Dataset entries —
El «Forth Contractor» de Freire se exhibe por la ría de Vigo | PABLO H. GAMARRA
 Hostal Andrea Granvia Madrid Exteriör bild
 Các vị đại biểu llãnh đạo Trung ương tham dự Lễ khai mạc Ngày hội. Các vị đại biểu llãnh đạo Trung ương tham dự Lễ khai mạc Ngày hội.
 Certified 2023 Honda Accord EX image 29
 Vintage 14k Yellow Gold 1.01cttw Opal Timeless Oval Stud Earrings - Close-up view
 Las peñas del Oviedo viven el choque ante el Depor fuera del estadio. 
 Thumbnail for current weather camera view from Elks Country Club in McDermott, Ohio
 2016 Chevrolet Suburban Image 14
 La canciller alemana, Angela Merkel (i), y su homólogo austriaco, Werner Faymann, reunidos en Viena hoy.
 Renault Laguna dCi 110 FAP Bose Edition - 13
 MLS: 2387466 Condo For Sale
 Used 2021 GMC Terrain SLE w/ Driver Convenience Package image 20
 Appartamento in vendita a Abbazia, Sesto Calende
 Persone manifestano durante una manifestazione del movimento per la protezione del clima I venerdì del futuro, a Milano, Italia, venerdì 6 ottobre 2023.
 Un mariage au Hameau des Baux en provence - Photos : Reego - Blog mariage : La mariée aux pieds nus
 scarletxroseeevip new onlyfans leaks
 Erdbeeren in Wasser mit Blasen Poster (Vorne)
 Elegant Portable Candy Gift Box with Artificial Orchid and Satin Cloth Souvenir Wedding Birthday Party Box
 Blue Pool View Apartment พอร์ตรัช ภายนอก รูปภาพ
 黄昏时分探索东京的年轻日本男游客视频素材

Aim of the task —
Would you return all of the material exactly as written?

Output of the task —
El «Forth Contractor» de Freire se exhibe por la ría de Vigo | PABLO H. GAMARRA
 Hostal Andrea Granvia Madrid Exteriör bild
 Các vị đại biểu llãnh đạo Trung ương tham dự Lễ khai mạc Ngày hội. Các vị đại biểu llãnh đạo Trung ương tham dự Lễ khai mạc Ngày hội.
 Certified 2023 Honda Accord EX image 29
 Vintage 14k Yellow Gold 1.01cttw Opal Timeless Oval Stud Earrings - Close-up view
 Las peñas del Oviedo viven el choque ante el Depor fuera del estadio. 
 Thumbnail for current weather camera view from Elks Country Club in McDermott, Ohio
 2016 Chevrolet Suburban Image 14
 La canciller alemana, Angela Merkel (i), y su homólogo austriaco, Werner Faymann, reunidos en Viena hoy.
 Renault Laguna dCi 110 FAP Bose Edition - 13
 MLS: 2387466 Condo For Sale
 Used 2021 GMC Terrain SLE w/ Driver Convenience Package image 20
 Appartamento in vendita a Abbazia, Sesto Calende
 Persone manifestano durante una manifestazione del movimento per la protezione del clima I venerdì del futuro, a Milano, Italia, venerdì 6 ottobre 2023.
 Un mariage au Hameau des Baux en provence - Photos : Reego - Blog mariage : La mariée aux pieds nus
 scarletxroseeevip new onlyfans leaks
 Erdbeeren in Wasser mit Blasen Poster (Vorne)
 Elegant Portable Candy Gift Box with Artificial Orchid and Satin Cloth Souvenir Wedding Birthday Party Box
 Blue Pool View Apartment พอร์ตรัช ภายนอก รูปภาพ
 黄昏时分探索东京的年轻日本男游客视频素材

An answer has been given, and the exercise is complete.